Tuesday, September 28, 2004

Stand

This is the week and the day that I have been looking for my whole life. Do I have a husband? No, but that will come. Do I have a career? No, but that will come also. But what I do have is direction and a clue about where the future is going take me. I like the way it feels and I can't wait to figure it all out and put some of the still missing large pieces of my puzzle in place.

during a long conversation with Eric on Sunday night I gave an insight to him that in fact I needed to be giving myself yet I didn't take it to heart till a few hours later as I boarded a plane to head back to Indiana. "Just rest in the fact you know it will come." We always want God to show us the answers now not later. We don't want to stand and know that He is God and that He has all of this in His control and when it is time He and only He will show us what our future does in fact hold. It is hard to stand in one place and not know when we are to be moving forward again. Standing and waiting isn't easy for anyone and there are so many things that could get us distracted and then we forget that we were standing waiting on the direction and answers that we so desperately want to see now rather than later.

I stood before God since May of this year and wondered what in the world He had going on up there that I couldn't get a job and I couldn't seem to find direction in my life, then just a easily as I have paced spiritually wanting the answers now rather than later that I nearly missed them when they did finally start coming to me. There are so many different ways that this whole thing could turn out. Now my fear has become what if I'm wrong? What if I have simply convinced myself that this is what God wants for me? How do I make sure that I stay on the right path? Why do I feel so alone when I am standing in a room full of people? How do I deal with all of this? What about the person I love most? Will he support me? Will he follow me? Will I loose him forever? All these questions and I have no answers for them, none and now I must stand and wait on the final directions for this part of my life. This could change it all or it could make it all seem so much better than I ever expected.

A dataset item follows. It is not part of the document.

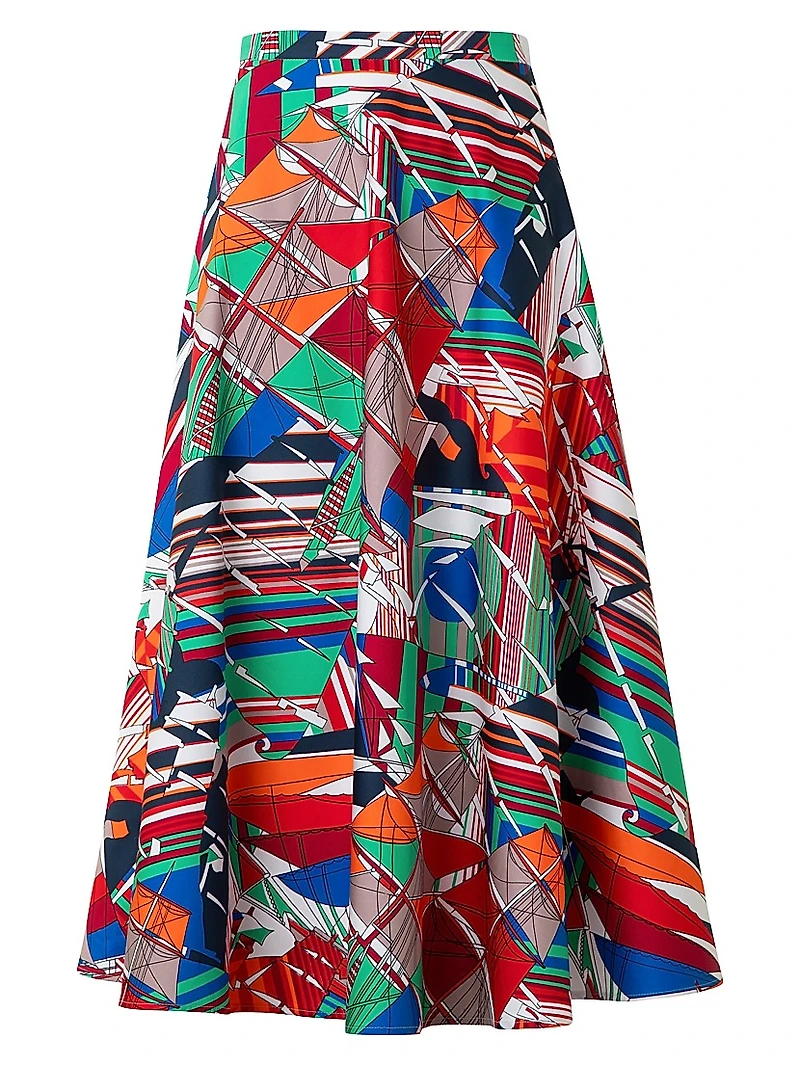 Abstract Cotton Satin Midi-Skirt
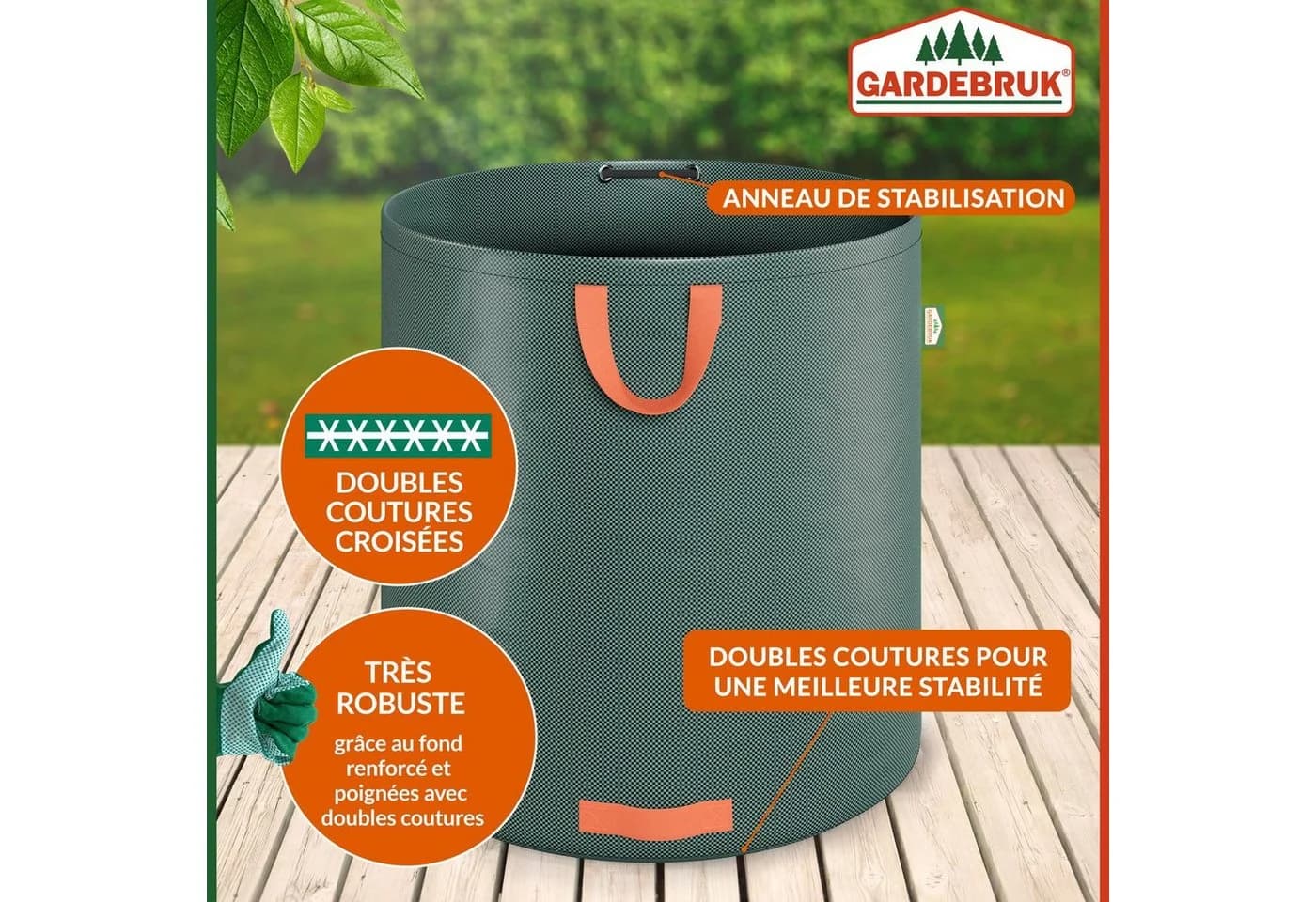 Gardebruk Gartensack 2-tlg. 500L Grün-Orange - Bild 3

Standing and waiting for confirmation from God is a lot like flying standby. When you get the booth and pray with everything you have that the flight you need to board isn't full and there will be a seat there for you? You wait for the man behind the counter to read your name and tell you that there is a seat there for you and you can proceed to your next destination. Now I stand at that counter and wait...Hoping, praying, crying, pleading, to hear my name as list of passengers for the next stop are read slowly. I stand with my arms uplifted wanting to hear that final confirmation.